Technicals | Mar 14 2019
Bottom Line 13/03/19
Daily Trend: Neutral
Weekly Trend: Down
Monthly Trend: Down
Support Levels: 68.24 / 67.78 / 62.45
Resistance Levels: 72.95 / 73.93 / 74.84 / 76.76
'The Aussie is on a bit of a roller coaster at the moment and trying to find its feet after the bullish looking downside fake out it produced on the 3rd January. We have seen some upside follow through since then yet some hesitancy is still very real and as such caution remains. ' Two things fundamentally are likely at play here that are going to affect future direction of the AUD. Firstly will be the health of the Chinese economy. Secondly will be the scheduling of interest rate hikes in the U.S which are more or less on hold at the moment. Considering the fact that in Australia it is very unlikely that we will see any rate hikes in 2019, with the chance even of a possible rate cut, then any strength in our local currency is likely going to rely more on a weak Greenback than anything else. And the jury is still out on whether this is going to be the case. Lets check in on the technicals.
Reasons for caution (officially bullish only above 81.62 (resistance):
? Inflation remains in check in Australia yet being monitored quarterly
? unemployment data being monitored / wages growth still weak for now
? Lowering interest rate cycle appears to have run its course ?

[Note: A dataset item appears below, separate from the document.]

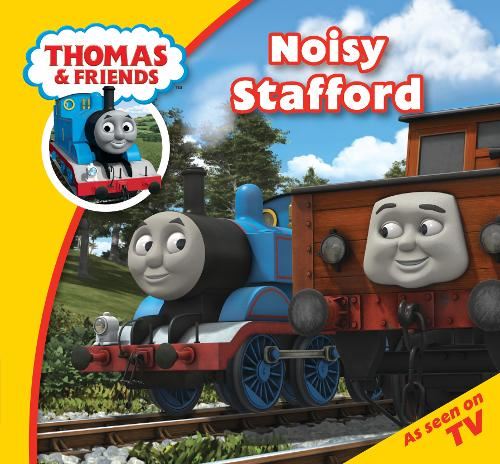 Thomas & Friends: Noisy Stafford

? strong support zone 60.00 – 70.00 remains robust
'What is of interest though is the reaction we witnessed off the 67.42 lows which saw price strongly bought back up on and closing at 70.04. It was clearly a significant intraday recovery which has also had some follow through …. ' Unfortunately the follow through we saw has stopped in its tracks, as can be seen on our weekly chart tonight. As such price action is now retesting the upper boundaries of the 70.00 – 68.00 support zone and is at risk of slipping back into this area which would be a big negative from our perspective. There is the chance that a bullish reverse head and shoulders pattern is evolving here yet it will only trigger via a move that breaks above 72.95 with conviction. If such a move was to occur then the pattern target would be up towards 78.48. Right at this juncture though the AUD/USD pairing is looking extremely weak, and whilst this is the case, the risks are more to the downside than upside.
We are presently long at 71.18 via an aggressive trade post the big spike down day in early January. Unfortunately we have not been granted the follow through we were looking for so the trade is now clearly at risk. Our stop position is at 69.90 which is just below where we see things starting to fail again circa 70.00. Bearish pressures are clearly still in play here.